Columbia Sportswear just beat earnings expectations for the first quarter, largely driven by its Sorel brand.
The Portland, Ore.-based company on Thursday reported a net income growth of 20% to $66.8 million in Q1, with diluted earnings per share of $1.03. This beat expectations of analysts surveyed by Yahoo Finance that predicted earnings of $0.86. Net sales increased 22% to $761.5 million, compared to Q1 of 2021.
Sales at Sorel jumped 37% to $63.6 million, driven by a strong mix in wholesale and DTC channels.
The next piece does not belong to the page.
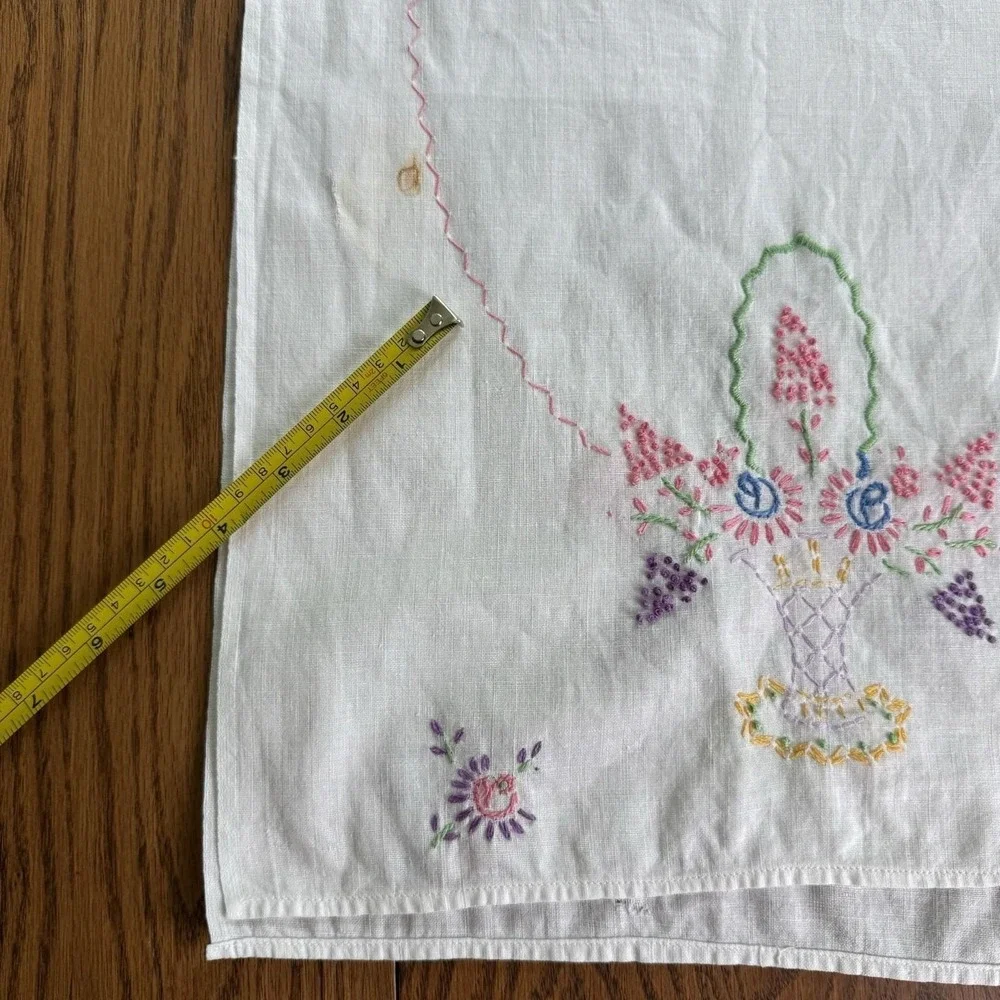 Vtg Embroidered Crochet Dresser Scarf Table Runner Flower Basket Thin Fabric EUC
In a call with investors, Columbia CEO Tim Boyle said that the brand’s new sneaker styles and wedges “contributed to phenomenal demand and brand heat.” As such, Columbia plans to invest more deeply in product and demand creation to help Sorel become a $1 billion brand.
Most of Sorel’s product — around 70% — is designed for women, Boyle said. And while winter merchandise did well throughout Q1, most of the growth is being led by sneakers and wedges.
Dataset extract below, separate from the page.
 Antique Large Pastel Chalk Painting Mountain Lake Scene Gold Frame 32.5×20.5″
“The opportunity globally to increase the revenue on Sorel is going to be led by the sneaker and the fashion styles,” Boyle said. “The future will be a much higher women’s component and much more sneaker and fashion footwear.”
In sneakers, Sorel’s Kinetic Impact lace style was the top selling style on Sorel.com. The brand’s success in the wedge category was largely driven by the Out ‘N About collection, as consumer habits changed to involve more time spent outside in social settings.
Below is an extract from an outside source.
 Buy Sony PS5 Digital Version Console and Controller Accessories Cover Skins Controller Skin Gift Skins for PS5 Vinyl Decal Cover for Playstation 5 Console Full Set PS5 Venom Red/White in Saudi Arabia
Sorel also launched an apparel and footwear collaboration with prAna, another one of Columbia’s brands, which included sneakers and sandals styles. In January, Sorel entered the adaptive footwear market, reimagining three of its best-selling styles for Zappos Adaptive, the online shoe retailer’s platform for adaptive fashion items.
However, Sorel is not immune to supply chain problems plaguing the industry, especially as it related to inventory. Boyle noted that there are fewer factories with the capabilities to create Sorel’s unique style of wedges, compared with sneaker factories, which are more common. As a result, the company is looking to build out its production relationships with Asian partners throughout 2023 to make sure it is in a good inventory position.
Columbia branded footwear is also showing encouraging results. Including Sorel, Columbia brought in a collective $195.6 million in footwear sales revenue in Q1. For fiscal year 2022, Columbia expects footwear growth in the mid-20% range across Columbia footwear and Sorel.